Segment Start: SOURCE MATERIAL

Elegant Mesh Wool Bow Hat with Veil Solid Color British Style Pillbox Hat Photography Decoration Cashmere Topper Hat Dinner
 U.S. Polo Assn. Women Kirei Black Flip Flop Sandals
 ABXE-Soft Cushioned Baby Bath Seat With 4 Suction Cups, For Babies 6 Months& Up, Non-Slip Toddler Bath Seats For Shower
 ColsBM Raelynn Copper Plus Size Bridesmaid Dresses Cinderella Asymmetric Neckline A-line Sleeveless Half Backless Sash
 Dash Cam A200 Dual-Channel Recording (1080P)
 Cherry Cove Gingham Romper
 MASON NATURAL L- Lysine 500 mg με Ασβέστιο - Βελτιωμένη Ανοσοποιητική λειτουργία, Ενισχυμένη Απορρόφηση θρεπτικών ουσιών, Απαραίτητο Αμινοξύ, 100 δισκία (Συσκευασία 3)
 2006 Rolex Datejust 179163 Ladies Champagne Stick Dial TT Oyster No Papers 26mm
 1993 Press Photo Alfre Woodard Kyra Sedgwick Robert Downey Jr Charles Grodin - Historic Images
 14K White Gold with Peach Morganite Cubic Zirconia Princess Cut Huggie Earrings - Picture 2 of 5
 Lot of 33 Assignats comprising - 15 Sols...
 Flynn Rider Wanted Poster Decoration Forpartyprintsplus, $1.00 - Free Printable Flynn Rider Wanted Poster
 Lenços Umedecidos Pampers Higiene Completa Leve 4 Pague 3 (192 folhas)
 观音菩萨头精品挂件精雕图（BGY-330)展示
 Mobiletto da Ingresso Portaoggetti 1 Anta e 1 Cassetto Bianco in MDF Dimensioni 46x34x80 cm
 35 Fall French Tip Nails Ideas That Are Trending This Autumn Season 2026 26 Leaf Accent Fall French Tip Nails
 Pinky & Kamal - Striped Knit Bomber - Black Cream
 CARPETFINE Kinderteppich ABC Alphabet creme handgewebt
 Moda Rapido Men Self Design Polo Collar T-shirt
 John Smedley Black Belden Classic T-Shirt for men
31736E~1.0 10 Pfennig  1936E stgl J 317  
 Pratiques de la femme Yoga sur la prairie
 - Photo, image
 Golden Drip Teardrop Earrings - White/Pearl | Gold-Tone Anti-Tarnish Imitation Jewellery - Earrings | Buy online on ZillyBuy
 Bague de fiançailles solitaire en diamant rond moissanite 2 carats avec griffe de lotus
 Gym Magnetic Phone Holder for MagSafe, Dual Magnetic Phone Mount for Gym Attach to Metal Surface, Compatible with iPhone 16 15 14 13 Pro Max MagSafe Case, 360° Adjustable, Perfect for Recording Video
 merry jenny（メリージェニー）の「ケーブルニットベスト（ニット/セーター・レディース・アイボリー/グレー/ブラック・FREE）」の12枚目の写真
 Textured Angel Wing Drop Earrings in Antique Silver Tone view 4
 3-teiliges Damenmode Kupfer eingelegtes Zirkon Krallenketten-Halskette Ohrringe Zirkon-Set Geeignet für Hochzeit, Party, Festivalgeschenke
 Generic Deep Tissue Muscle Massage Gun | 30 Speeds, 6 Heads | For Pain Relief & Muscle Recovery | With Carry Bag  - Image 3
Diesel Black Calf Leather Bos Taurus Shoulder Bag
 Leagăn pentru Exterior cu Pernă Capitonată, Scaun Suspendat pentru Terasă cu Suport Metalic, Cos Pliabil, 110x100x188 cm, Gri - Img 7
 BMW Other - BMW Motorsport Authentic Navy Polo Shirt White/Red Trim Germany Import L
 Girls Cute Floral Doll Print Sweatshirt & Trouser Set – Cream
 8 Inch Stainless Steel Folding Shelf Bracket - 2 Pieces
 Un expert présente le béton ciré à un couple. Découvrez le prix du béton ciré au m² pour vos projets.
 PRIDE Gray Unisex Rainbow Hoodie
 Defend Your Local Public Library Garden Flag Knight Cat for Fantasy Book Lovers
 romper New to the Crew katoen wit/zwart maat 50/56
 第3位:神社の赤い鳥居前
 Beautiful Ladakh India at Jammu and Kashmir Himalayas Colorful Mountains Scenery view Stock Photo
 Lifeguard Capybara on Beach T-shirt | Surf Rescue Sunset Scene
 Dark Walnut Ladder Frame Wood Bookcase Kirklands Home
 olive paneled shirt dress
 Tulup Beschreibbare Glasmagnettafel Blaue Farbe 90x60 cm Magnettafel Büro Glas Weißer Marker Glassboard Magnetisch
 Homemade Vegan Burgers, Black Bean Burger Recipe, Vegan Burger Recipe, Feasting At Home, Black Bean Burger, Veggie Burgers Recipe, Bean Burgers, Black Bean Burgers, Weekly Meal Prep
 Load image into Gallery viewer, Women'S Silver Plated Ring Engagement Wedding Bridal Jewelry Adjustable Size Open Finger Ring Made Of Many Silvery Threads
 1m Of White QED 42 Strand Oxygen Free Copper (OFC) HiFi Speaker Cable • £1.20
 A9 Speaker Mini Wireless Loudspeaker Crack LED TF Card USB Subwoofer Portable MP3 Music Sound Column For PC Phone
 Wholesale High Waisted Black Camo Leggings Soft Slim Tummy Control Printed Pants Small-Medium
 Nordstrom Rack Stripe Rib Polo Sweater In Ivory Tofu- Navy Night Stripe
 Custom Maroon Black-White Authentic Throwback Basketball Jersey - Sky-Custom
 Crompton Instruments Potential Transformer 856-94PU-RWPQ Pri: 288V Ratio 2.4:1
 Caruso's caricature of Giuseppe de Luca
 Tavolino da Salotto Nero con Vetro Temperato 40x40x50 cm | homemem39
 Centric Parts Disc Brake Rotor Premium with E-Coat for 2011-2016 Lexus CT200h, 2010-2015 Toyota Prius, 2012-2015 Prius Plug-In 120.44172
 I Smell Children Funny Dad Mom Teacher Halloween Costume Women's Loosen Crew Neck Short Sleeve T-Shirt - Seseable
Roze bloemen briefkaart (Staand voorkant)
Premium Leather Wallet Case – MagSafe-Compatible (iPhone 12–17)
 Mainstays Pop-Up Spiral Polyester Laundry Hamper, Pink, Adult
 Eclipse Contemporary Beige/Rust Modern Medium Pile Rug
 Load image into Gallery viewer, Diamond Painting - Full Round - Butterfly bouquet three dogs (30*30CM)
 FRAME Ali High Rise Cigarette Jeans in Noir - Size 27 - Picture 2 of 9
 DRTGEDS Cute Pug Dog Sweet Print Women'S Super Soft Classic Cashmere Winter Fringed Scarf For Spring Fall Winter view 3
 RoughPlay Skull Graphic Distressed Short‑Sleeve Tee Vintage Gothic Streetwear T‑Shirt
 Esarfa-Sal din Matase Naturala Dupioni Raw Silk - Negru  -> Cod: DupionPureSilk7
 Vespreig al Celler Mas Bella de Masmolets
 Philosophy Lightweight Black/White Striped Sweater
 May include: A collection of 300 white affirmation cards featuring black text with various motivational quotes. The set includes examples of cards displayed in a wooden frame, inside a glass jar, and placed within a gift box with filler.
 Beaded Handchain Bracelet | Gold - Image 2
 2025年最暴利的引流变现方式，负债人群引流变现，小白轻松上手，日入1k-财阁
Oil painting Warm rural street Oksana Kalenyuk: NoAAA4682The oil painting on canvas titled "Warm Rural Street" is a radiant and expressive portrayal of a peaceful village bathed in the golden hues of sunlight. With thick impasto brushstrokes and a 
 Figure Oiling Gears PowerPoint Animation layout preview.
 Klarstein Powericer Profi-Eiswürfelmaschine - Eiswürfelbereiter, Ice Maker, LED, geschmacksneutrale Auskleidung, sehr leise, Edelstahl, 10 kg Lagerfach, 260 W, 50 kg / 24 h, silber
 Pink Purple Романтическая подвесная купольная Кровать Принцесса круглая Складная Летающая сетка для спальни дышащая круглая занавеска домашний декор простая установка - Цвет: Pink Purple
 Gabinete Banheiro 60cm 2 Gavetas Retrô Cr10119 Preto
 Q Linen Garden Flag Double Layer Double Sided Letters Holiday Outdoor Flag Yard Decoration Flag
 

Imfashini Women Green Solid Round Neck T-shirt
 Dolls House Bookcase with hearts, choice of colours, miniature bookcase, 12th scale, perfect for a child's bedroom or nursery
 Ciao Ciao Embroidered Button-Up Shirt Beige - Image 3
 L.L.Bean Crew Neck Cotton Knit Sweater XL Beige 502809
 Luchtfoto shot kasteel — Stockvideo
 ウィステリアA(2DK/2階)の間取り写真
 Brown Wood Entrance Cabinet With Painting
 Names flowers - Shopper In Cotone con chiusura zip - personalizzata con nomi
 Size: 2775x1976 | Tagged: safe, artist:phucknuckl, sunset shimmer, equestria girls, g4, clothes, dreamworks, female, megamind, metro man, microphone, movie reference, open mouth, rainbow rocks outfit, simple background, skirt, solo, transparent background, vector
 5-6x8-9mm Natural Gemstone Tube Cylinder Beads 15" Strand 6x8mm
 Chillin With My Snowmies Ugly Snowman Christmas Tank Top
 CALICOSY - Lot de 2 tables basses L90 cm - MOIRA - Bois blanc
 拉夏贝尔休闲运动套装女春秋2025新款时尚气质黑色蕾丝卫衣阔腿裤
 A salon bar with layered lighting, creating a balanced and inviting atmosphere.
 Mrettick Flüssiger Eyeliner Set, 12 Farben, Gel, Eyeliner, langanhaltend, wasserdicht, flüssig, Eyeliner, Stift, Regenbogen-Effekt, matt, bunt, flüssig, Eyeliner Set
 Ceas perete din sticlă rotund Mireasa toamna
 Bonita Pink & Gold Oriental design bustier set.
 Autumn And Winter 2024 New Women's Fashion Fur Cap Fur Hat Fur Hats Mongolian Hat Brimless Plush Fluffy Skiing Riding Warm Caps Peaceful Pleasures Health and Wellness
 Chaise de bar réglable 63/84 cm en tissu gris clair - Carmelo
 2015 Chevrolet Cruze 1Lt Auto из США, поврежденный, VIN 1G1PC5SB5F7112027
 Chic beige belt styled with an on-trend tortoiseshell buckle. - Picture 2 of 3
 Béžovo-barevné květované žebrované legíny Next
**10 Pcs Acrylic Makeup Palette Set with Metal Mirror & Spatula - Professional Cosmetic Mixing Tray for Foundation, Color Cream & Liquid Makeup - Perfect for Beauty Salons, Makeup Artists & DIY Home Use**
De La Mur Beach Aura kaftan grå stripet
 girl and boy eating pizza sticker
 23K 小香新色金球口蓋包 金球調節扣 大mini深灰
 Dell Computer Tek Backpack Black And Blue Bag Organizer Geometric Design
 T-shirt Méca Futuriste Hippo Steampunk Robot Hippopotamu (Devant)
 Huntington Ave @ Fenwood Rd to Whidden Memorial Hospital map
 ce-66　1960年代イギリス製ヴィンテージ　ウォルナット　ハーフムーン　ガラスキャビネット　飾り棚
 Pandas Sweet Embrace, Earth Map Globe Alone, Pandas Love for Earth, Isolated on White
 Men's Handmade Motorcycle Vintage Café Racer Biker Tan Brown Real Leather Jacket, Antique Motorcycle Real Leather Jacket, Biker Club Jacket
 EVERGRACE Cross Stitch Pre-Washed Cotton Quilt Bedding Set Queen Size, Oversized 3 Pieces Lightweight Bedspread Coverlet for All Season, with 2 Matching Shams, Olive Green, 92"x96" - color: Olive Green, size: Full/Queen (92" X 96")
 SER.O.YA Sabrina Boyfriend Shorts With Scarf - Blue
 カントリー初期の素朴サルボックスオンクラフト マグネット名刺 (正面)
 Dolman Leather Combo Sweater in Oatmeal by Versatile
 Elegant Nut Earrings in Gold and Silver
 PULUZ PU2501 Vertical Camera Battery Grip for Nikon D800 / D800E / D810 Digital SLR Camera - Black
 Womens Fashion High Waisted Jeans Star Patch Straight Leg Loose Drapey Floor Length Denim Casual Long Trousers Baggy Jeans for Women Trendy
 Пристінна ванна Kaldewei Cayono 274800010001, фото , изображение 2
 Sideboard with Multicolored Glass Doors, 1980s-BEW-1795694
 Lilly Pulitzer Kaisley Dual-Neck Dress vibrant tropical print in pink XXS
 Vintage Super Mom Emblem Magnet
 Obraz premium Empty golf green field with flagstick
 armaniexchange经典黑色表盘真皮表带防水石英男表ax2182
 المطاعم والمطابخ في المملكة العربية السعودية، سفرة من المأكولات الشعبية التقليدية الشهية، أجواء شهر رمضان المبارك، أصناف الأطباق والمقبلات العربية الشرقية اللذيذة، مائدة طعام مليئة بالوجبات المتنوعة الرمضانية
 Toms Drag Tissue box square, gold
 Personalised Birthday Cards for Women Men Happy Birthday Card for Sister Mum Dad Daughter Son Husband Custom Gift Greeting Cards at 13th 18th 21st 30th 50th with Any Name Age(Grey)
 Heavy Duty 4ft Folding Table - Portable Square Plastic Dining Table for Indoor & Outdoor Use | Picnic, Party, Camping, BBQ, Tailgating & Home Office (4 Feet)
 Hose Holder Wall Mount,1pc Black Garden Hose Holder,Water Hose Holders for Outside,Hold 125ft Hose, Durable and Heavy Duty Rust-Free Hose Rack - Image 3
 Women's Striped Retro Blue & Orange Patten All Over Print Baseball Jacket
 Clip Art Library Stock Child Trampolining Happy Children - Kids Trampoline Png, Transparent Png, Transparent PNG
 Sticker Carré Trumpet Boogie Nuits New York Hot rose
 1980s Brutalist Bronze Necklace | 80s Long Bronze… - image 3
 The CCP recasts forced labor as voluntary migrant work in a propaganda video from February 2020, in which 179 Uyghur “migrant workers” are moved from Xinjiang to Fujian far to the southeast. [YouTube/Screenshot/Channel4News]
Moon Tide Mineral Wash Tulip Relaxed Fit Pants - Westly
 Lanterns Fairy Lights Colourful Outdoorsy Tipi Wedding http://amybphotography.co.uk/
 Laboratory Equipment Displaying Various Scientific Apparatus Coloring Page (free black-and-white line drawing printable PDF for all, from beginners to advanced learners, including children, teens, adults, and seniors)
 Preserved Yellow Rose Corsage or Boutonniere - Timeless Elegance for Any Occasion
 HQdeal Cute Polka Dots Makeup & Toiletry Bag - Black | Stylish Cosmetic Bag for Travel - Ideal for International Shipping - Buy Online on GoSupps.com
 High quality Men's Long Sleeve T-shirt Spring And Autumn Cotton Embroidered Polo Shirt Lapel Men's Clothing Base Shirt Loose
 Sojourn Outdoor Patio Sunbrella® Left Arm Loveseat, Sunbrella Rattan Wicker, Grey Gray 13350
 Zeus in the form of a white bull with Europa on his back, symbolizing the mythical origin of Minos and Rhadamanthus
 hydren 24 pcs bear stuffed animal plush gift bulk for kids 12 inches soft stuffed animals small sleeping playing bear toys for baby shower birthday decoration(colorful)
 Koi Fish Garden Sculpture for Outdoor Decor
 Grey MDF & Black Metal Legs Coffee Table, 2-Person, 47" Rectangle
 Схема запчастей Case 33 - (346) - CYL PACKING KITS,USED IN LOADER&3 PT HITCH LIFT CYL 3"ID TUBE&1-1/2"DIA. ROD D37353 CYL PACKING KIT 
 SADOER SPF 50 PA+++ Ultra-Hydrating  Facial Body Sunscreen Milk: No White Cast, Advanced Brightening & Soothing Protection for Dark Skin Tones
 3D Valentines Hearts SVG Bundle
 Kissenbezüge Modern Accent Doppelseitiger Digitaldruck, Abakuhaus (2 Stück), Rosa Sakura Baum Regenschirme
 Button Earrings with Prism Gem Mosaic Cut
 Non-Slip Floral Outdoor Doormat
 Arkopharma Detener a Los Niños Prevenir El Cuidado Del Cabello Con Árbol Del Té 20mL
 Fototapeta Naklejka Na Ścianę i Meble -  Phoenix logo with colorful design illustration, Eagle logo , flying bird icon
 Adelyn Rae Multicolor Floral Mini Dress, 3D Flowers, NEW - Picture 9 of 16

Segment End: SOURCE MATERIAL

= AIM OF THE TASK =
Among the entries above, the line containing "romper New to", the line containing "1m Of White", and all lines between them are to be restated word for word; nothing else belongs in the reply.

= EXERCISE OUTPUT =
 romper New to the Crew katoen wit/zwart maat 50/56
 第3位:神社の赤い鳥居前
 Beautiful Ladakh India at Jammu and Kashmir Himalayas Colorful Mountains Scenery view Stock Photo
 Lifeguard Capybara on Beach T-shirt | Surf Rescue Sunset Scene
 Dark Walnut Ladder Frame Wood Bookcase Kirklands Home
 olive paneled shirt dress
 Tulup Beschreibbare Glasmagnettafel Blaue Farbe 90x60 cm Magnettafel Büro Glas Weißer Marker Glassboard Magnetisch
 Homemade Vegan Burgers, Black Bean Burger Recipe, Vegan Burger Recipe, Feasting At Home, Black Bean Burger, Veggie Burgers Recipe, Bean Burgers, Black Bean Burgers, Weekly Meal Prep
 Load image into Gallery viewer, Women'S Silver Plated Ring Engagement Wedding Bridal Jewelry Adjustable Size Open Finger Ring Made Of Many Silvery Threads
 1m Of White QED 42 Strand Oxygen Free Copper (OFC) HiFi Speaker Cable • £1.20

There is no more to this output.